Kane undergoes a psych evaluation, where the dazzling Dr. Poesy warns Kane that his "story takes place within a much larger story”--a story that is bigger than the East Amity Police investigation and potentially dangerous. In fact, a local painter has disappeared and Dr. Poesy strongly hints Kane may be a suspect. Dr. Poesy says they will help Kane as long as Kane keeps a journal in which he must write anything he remembers about his "incendiary" incident.
Back at school, Kane learns that he has a small, close-knit group of friends who call themselves "The Others"; they, like the experience of the accident, have "been cut from his memory entirely." Kane, seeking information, eavesdrops on them debating how to handle him and his missing "powers." Another "reverie" will be happening soon, they say, and it's Kane who has always unraveled them. This time, however, the group agrees they must keep him away. Furious with all the secrets and needing to learn more, Kane seeks out the reverie, finding himself in a "crazy fantasy" involving "a subterranean civilization that worships a god called the Cymo." Kane has to somehow survive until the reverie becomes "unstable" and starts to "collapse," at which point he is supposed to unravel it--if he can remember how.
In East Amity, where dreams actually do become real, readers feel the tangible danger as the "fantastic realities people lovingly [create] for themselves" spin out of control. Like so many others in Reverie, Kane wants to believe he can escape into the "intoxicating potential" of dreams.
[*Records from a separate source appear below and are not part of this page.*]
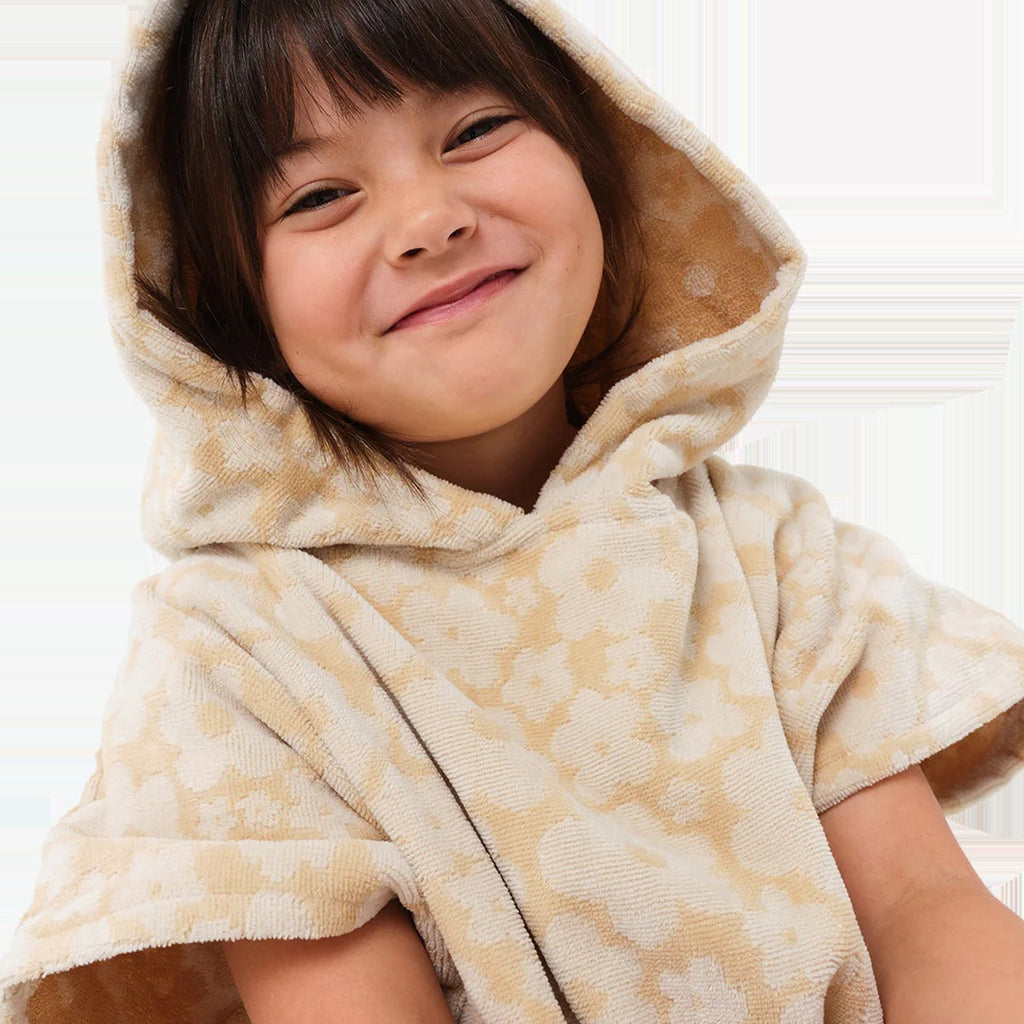Youth Everyday Fleece Poncho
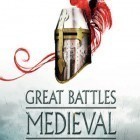 Juntamente com o jogo Raiva de gelo para iPhone, baixar grátis do Batalhas Grandes da Idade Média.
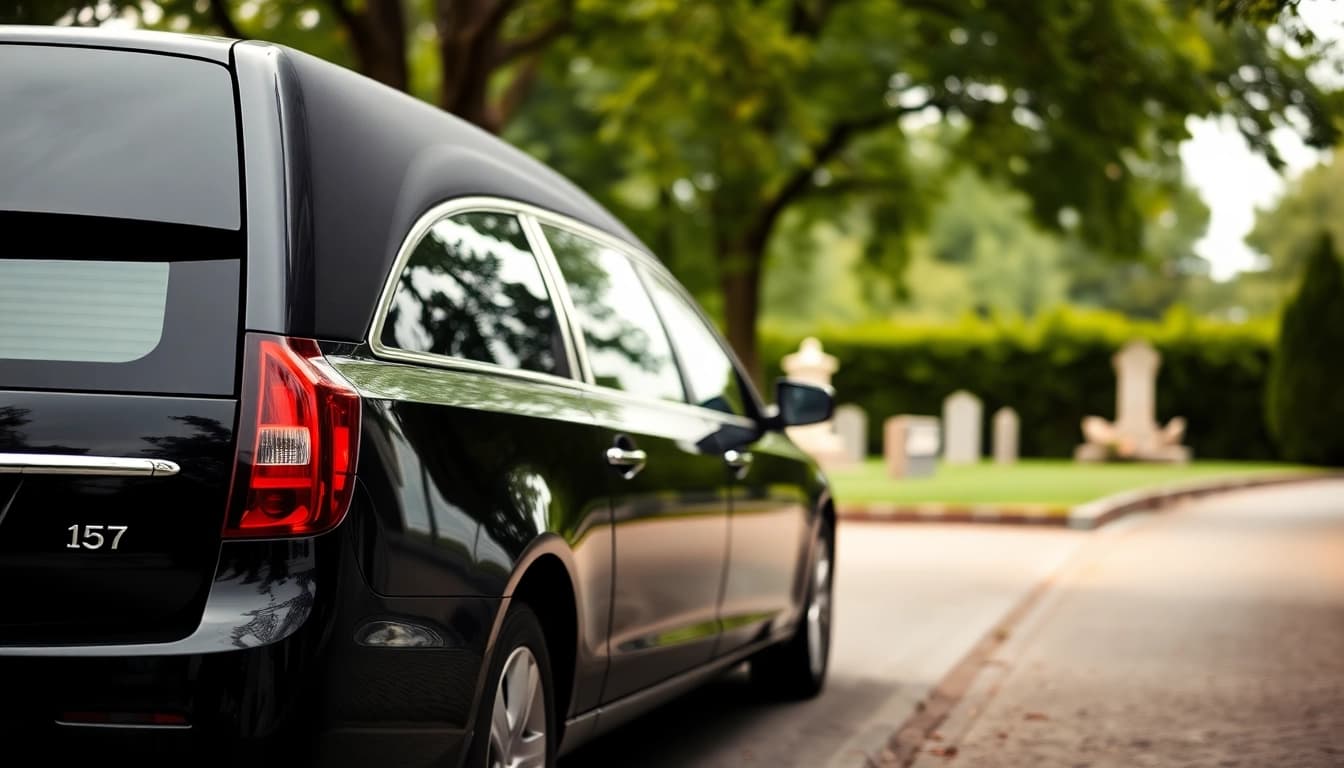 Prevoz umrlih za Sloveniju pruža sigurno i dostojanstveno transportovanje u modernom vozilu.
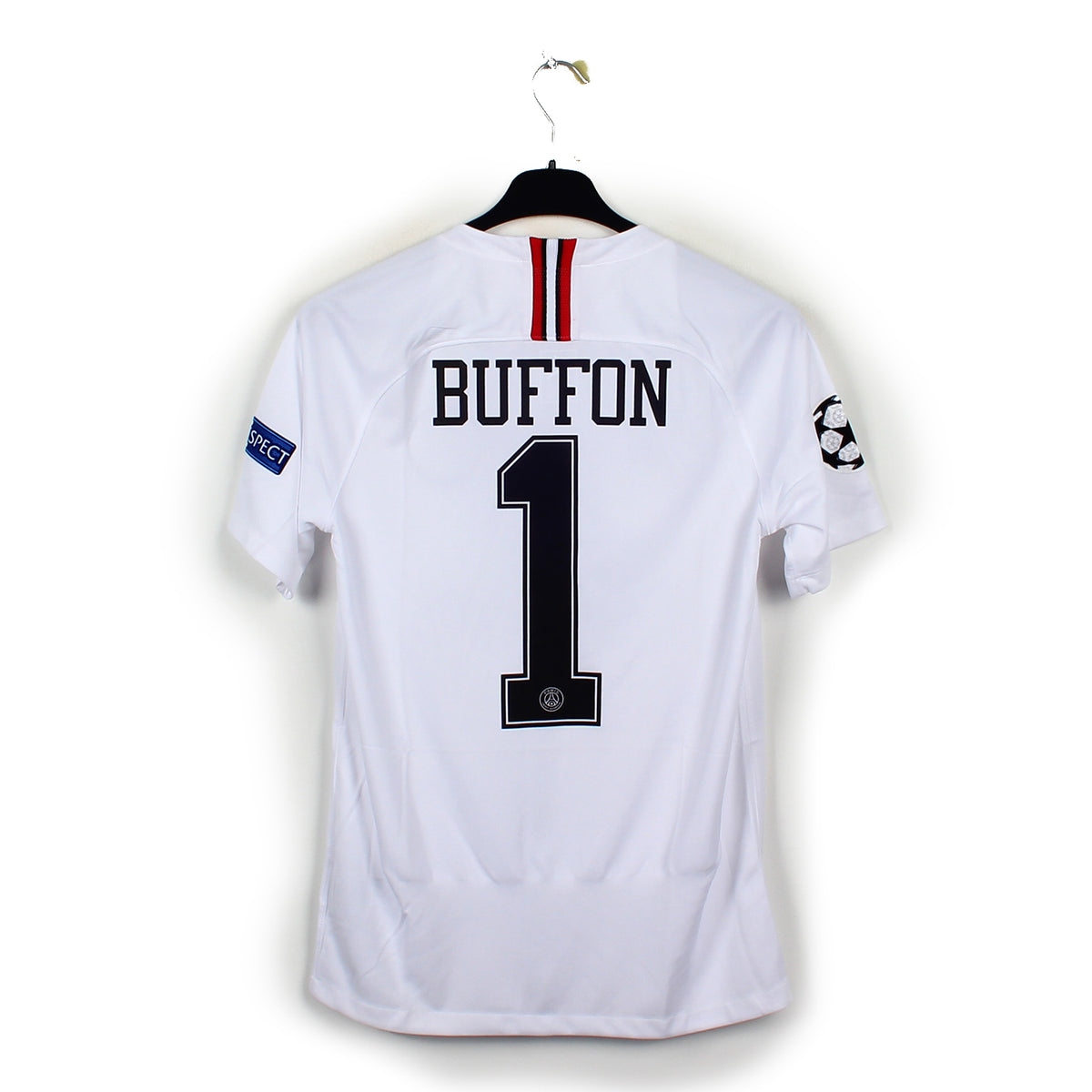 2018/19 - PSG - Buffon #1 (S)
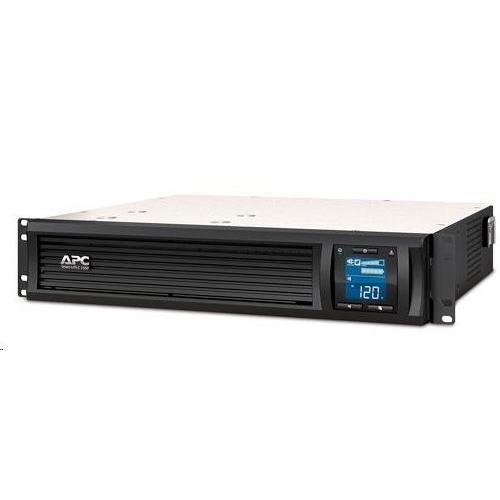 APC SMC1500I-2UC UPS-enhed Interaktivt indgangsstik 1,5 kVA 900 W 4 AC stikkontakt(er)
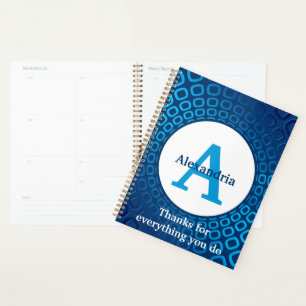 Agenda Feliz dia do profissional administrativo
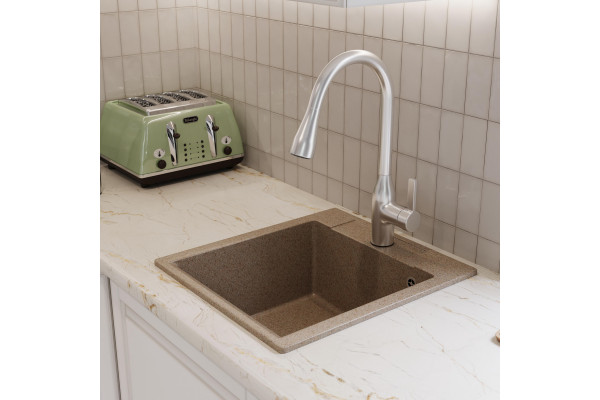 Смеситель для кухни STWORKI 33138-123/1BG-IG11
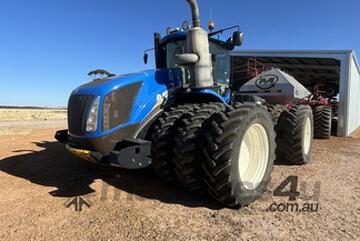 2015 New Holland T9 700 4wd Tractors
But, before the end of this thrilling narrative, Kane must either come to terms with fighting "for a reality that fails so many, so often" or, instead, fight to change it. --Lynn Becker, blogger and host of Book Talk, a monthly online discussion of children's books for SCBWI.
Shelf Talker: After surviving an accident of which he has no memory, Kane discovers it's up to him to save his town from dreams that magically become real.